New toll road merger plans OKd
Alicia Robinson
Board members will consider four options next week to help bail out
the financially ailing San Joaquin Hills toll road, but two couldn’t
immediately be put in place and the others are versions of an already
considered $3.9-billion bond proposal that would merge the two
agencies that currently govern the toll road system.
An ad hoc committee of the toll roads governing boards’ members
voted unanimously Wednesday to bring four proposals back to the full
board at its April 8 meeting, said Lisa Telles, a spokeswoman for the
Transportation Corridor Agencies, the toll roads’ administrative
agency.
“It will be indicated that only two can be done at this time,”

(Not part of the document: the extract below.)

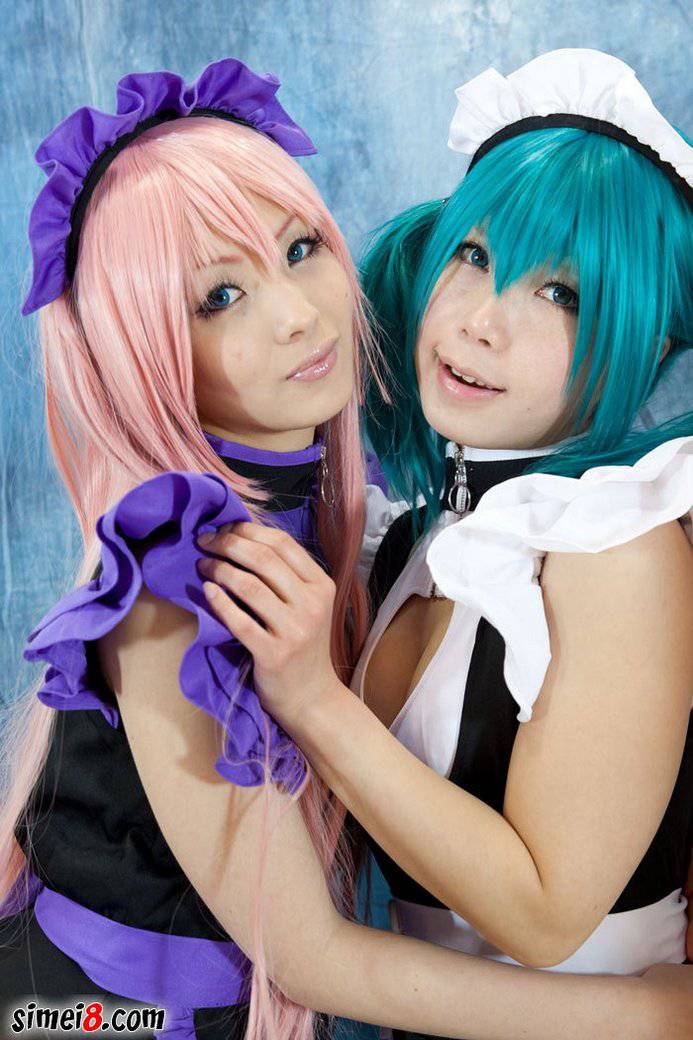 性感姐妹花cos海报图欣赏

said Peter Herzog, chairman of the Foothill and Eastern toll roads
board. “The other two will take a lot of work.”
For two years, that board, along with the one governing the San
Joaquin Hills toll road, have been mulling how to save the San
Joaquin Hills toll road from financial collapse. The road is
financially insolvent because of inaccurate revenue projections.
Members of the two boards will consider a proposal from Orange
County Supervisor Chris Norby under which the Foothill and Eastern
toll roads’ governing agency would purchase the assets and pay the
debts of the San Joaquin Hills toll road.

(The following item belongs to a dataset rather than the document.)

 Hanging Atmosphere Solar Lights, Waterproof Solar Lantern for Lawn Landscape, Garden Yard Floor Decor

Norby projected the plan would save drivers $3.6 billion in future
tolls and would not require issuing any bonds.
County Treasurer-Tax Collector John Moorlach’s proposal also will
be given to the toll roads’ oversight committee. He suggested the
Foothill and Eastern toll roads agency purchase a 10-year option to
buy the San Joaquin Hills toll road with a provision to extend the
option.
The other two proposals the board will consider are versions of
the original merger plan that board members twice delayed voting on
because some questioned its cost and wanted to see other options.

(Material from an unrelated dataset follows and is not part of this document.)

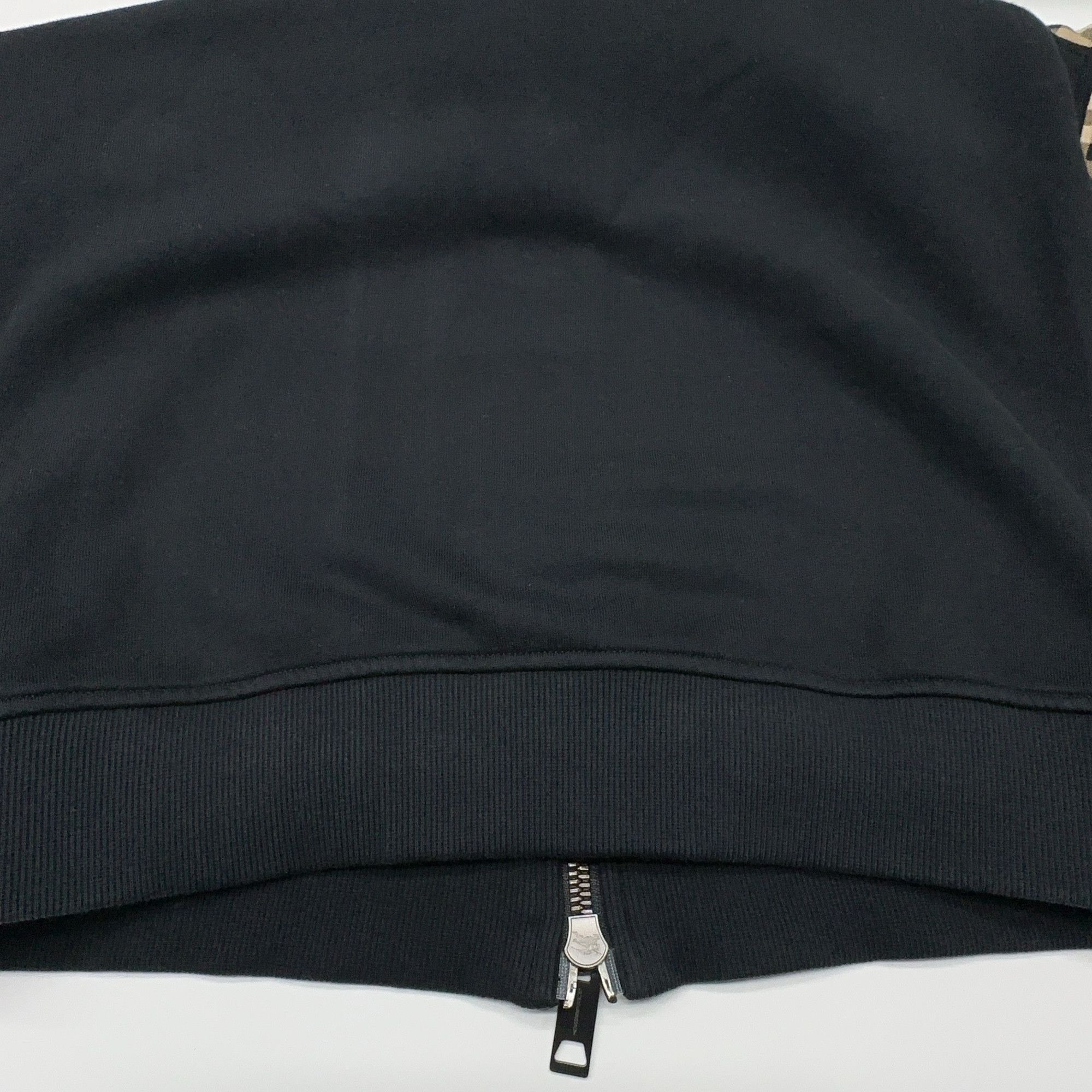 Burberry Burberry Check Panel Zip-Up Hoodie Size S Size US S / EU 44-46 / 1 - 12 Thumbnail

The earlier proposal would sell $3.9 billion in bonds, consolidate
the two agencies’ operations and restructure debts at low interest
rates. This plan will be considered with either all fixed-interest
rate bonds or some at fixed and some at variable rates.
The already-vetted merger proposals have an advantage because
they’ve been checked out by bond rating agencies and can be insured,
Herzog said.
Norby’s and Moorlach’s plans could have tax consequences or
require changes in tax law, so they would have to be studied further
to see if they are feasible, he said.
“We have two plans that meet all the goals and objectives that the
board set out,” Herzog said. “They’ve been fully reviewed and
analyzed, they’re rated, they’re insured and they’re marketable, so
it seems like one of those two should be chosen.”